EECS 349 Problem Set 1

Due 11:59PM Tuesday, Apr 14

Updated Apr 2 11:30:00 CDT 2015


In this assignment you will run a machine learning experiment using Weka, an open source framework for machine learning and data mining. You will generate a model that predicts the quality of wine based on its chemical attributes. You will train the model on the supplied training data and use the model to predict the correct output for unlabeled test data.

Submission Instructions

You'll turn in your homework as a single zip file, in Canvas. Specifically:

  1. Create a text file with your answers to the questions below. Be sure you have answered all the questions. Name this file PS1.txt.
  2. Create a file containing your Weka model (instructions below). Be sure this file can be loaded into Weka and that it runs. Name this file PS1.model.
  3. Create a text file in ARFF format with your predicted labels for the test set (instructions below). Name this file PS1.arff.
  4. Create a single ZIP file containing:
  5. Turn the zip file in under Problem Set 1 in Canvas.

Download and Install Weka

Weka is available for Windows, Mac, and Linux from http://www.cs.waikato.ac.nz/ml/weka/. Click on the "Download" link on the left-hand side and download the Stable GUI version, which is currently 3.6. You may also wish to download a Weka manual from the "Documentation" page.

Note

Some points that may help with Weka installation on Mac OS X:

  1. The Weka download page lists a version that works with JVM 1.6 and one that comes bundled with JVM 1.7. If you have a JVM version higher than 1.7 already installed on your Mac, you should download the Weka version bundled with JVM 1.7.
  2. Installing Weka on a Mac simply requires copying the downloaded contents to a new folder under Applications. In other words, there is no .dmg file to run.

Download the Dataset

The dataset files are here:

This dataset is adapted from:

P. Cortez, A. Cerdeira, F. Almeida, T. Matos and J. Reis. Modeling wine preferences by data mining from physicochemical properties. In Decision Support Systems, Elsevier, 47(4):547-553. ISSN: 0167-9236.

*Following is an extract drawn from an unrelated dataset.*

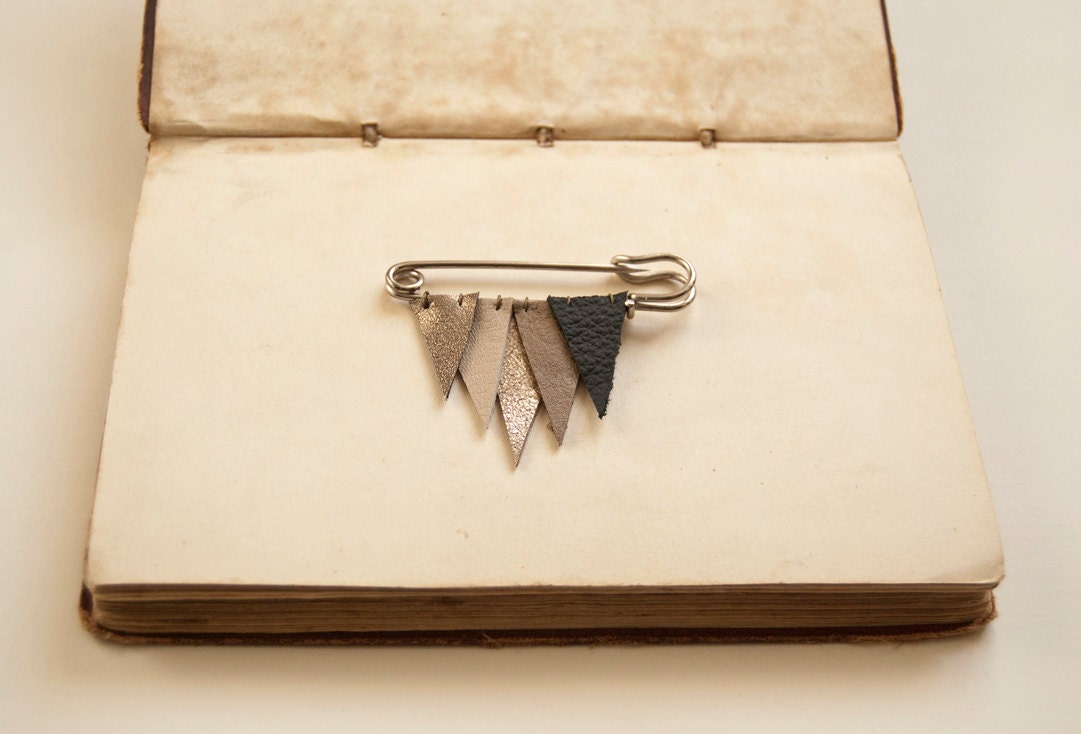 ICICLE no. 36 - metallic leather brooch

This dataset contains data for 2700 white variants of the Portuguese "Vinho Verde" wine. For each variant, 11 chemical features were measured. Each of these is a numeric attribute. They are:

Each variant was tasted by three experts. Their ratings have been combined into a single quality label: "good" or "bad" Therefore this is a binary classification problem with numeric attributes.

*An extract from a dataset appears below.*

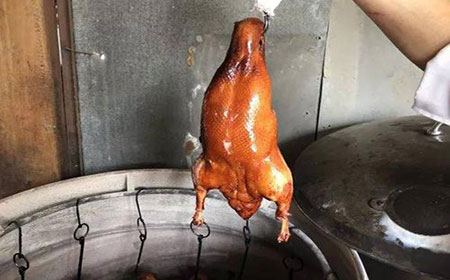 果木烤鸭和北京烤鸭有哪些区别？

The dataset has been randomly split into a training set (1890 variants) and a test set (810 variants). The training set contains both chemical features and quality labels. The test set contains only the chemical features.

Examine the Data

It is a good idea to inspect your data by hand before running any machine learning experiments, to ensure that the dataset is in the correct format and that you understand what the dataset contains. The following sections will familiarize you with the data and introduce some tools in Weka.

The ARFF Format

View train.arff and test.arff in a text editor. You should see something like this:

The files are in ARFF (Attribute-Relation File Format), a text format developed for Weka. At the top of each file you will see a list of attributes, followed by a data section with rows of comma separated values, one for each instance. The text and training files look similar, except that the last value for each training instance is a quality label and the last value for each test instance is a question mark, since these instances are unlabeled.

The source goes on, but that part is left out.